Yeah ok so it is the custom_objects_api.create_namespaced_custom_object call that fails, which is equivalent to the kubectl create -f daskcluster.yaml call.

Would you mind sharing your kubeconfig file (removing any certs/tokens/passwords) so I can see if it uses some kind of AKS/AAD plugin? My guess is we need to add support for this in dask-kubernetes.

I believe the plugin you’re looking for is Kubelogin (GitHub - Azure/kubelogin: A Kubernetes credential (exec) plugin implementing azure authentication). For security reasons, I do not want to share my full kubeconfig file (even with the secret values omitted).
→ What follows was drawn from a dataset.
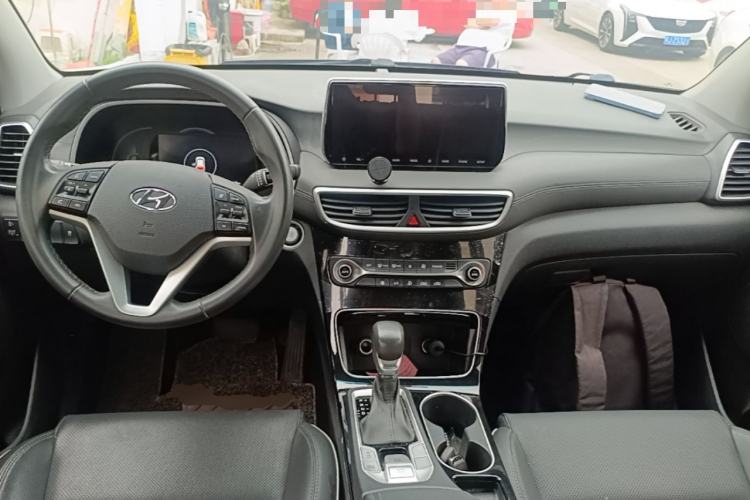 Used Hyundai Tucson 2020 280TGDi Two-Wheel-Drive GLS Fashion Edition China VI Standard Center Console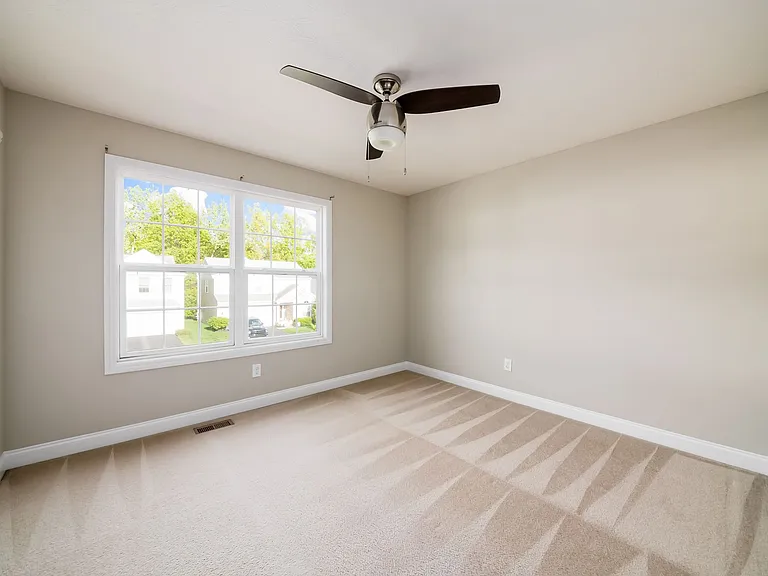 8865 Sweetshade Dr — Photo 34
I think this is the relevant section though:

users:
- name: clusterUser_resourceGroup_aksClusterName
  user:
    exec:
      apiVersion: client.authentication.k8s.io/v1beta1
      args:
      - get-token
      - --environment
      - AzurePublicCloud
      - --server-id
      - <server id>
      - --client-id
      - <client id>
      - --tenant-id
      - <tenant id>
      - --login
      - devicecode
      command: kubelogin
      env: null
      interactiveMode: IfAvailable
      provideClusterInfo: false

That’s perfect thanks, that’s enough to point me in the right direction.

The think the answer today is that I’m not sure that any of the Kubernetes Python libraries available have support for exec authentication methods. So we can’t support AKS/AAD today.

I’ve opened Support kubectl auth plugins for Python API · Issue #678 · dask/dask-kubernetes · GitHub where we will investigate adding support in the future.